With the costs of racing the Grindlay becoming prohibitive - Baragwanath had to rebuild the engine twice, on the second occasion following a major blow-up in 1937 - Tubb retired the bike and after WW2 its use was confined to sprinting. (The small-capacity 'sprint' fuel tank used at this time is included in the sale). When the Brooklands Museum opened in the late 1980s, he offered the Grindlay, which had been restored in the 1970s, for display there. Cared for by John Bottomley and the Museum's voluntary motorcycle group, the Tubb Grindlay-Peerless was tested for The Classic MotorCycle by Roy Poynting (January 2006 edition, copy article on file) and in recent years has been used by the Brooklands Museum on numerous demonstration runs.

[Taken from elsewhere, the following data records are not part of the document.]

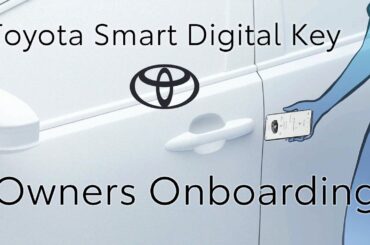 Toyota Smart Digital Key : For Owners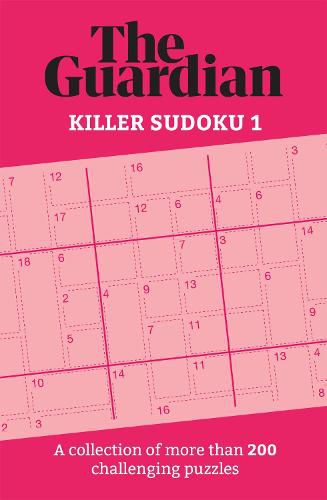 Cover image for The Guardian Killer Sudoku 1: A collection of more than 200 challenging puzzles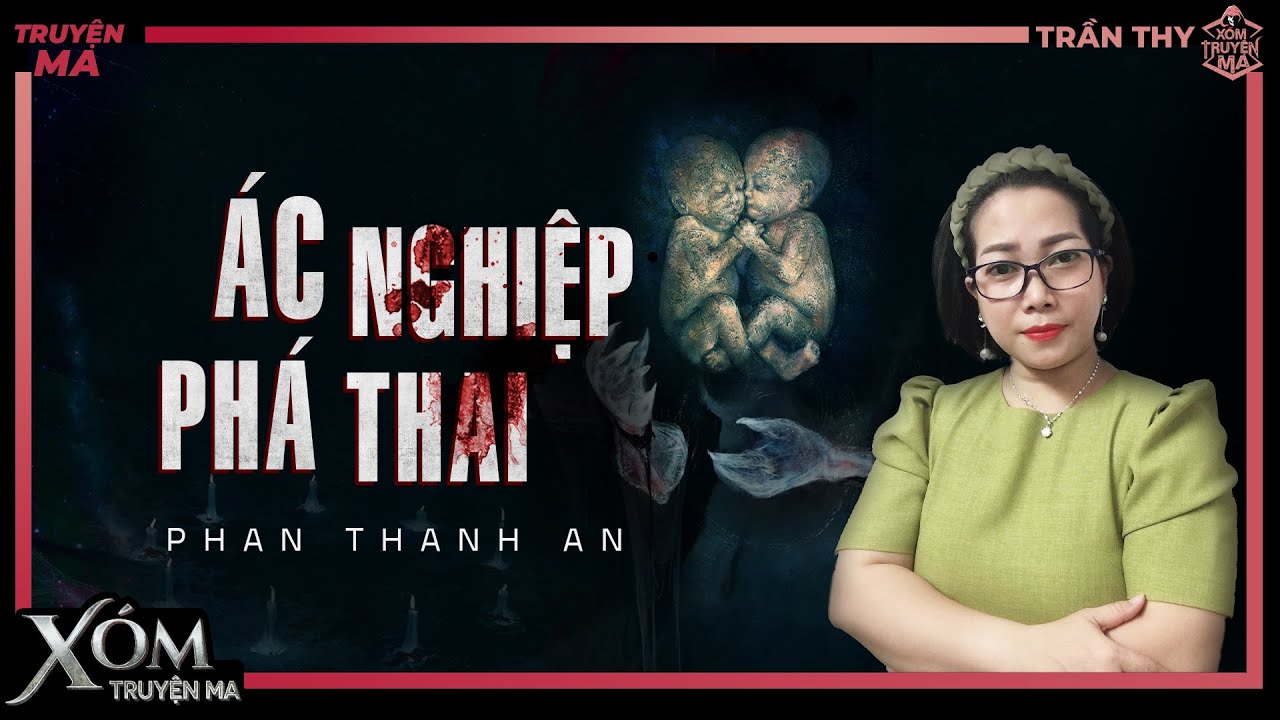 Truyện Ma : ÁC NGHIỆP PHÁ THAI | Những Đứa Con Tật Nguyền | Mc Trần Thy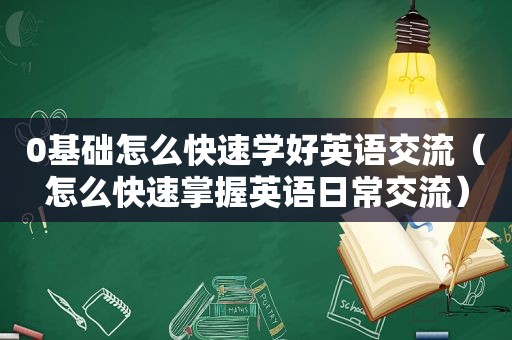 0基础怎么快速学好英语交流（怎么快速掌握英语日常交流）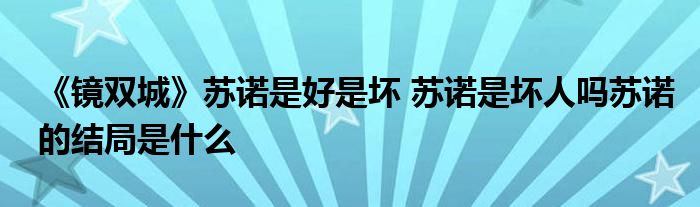 《镜双城》苏诺是好是坏 苏诺是坏人吗苏诺的结局是什么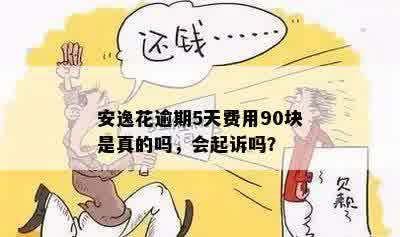 安逸花逾期5天费用90块是真的吗，会起诉吗？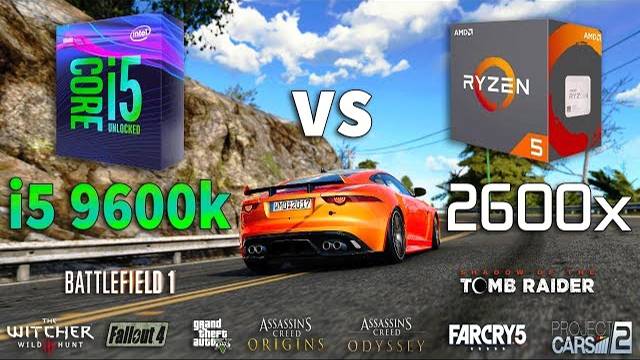 I5 9600k Vs Ryzen 5 2600x Test In 9 Games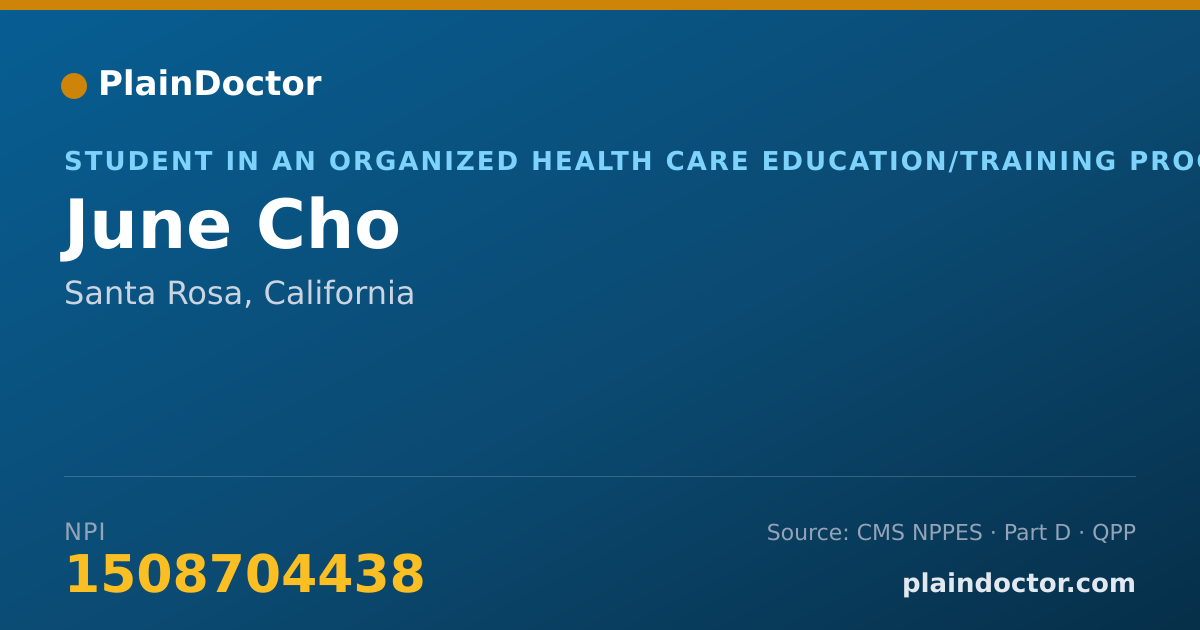 Shareable card for June Cho - Student in an Organized Health Care Education/Training Program, Santa Rosa, CA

Included in the sale is 'Boy' Tubb's BMCRC badge and Brooklands 'Gold Star' (engraved 'E J Tubb' on the reverse), his Cromwell crash helmet, BMCRC membership card and badge bars (27 in total dating from 1933 to 1963) and a substantial quantity of race programmes, the majority relating to Brooklands events of the 1930s, many of which mention him and the Grindlay. The machine also comes with a quantity of period photographs.
Offered for sale by the Tubb family and possessing exceptionally well documented history, this 'Gold Star'-winning Grindlay-Peerless represents an exciting opportunity to acquire one of the rarest of all limited edition, Brooklands racing motorcycles of the Vintage period.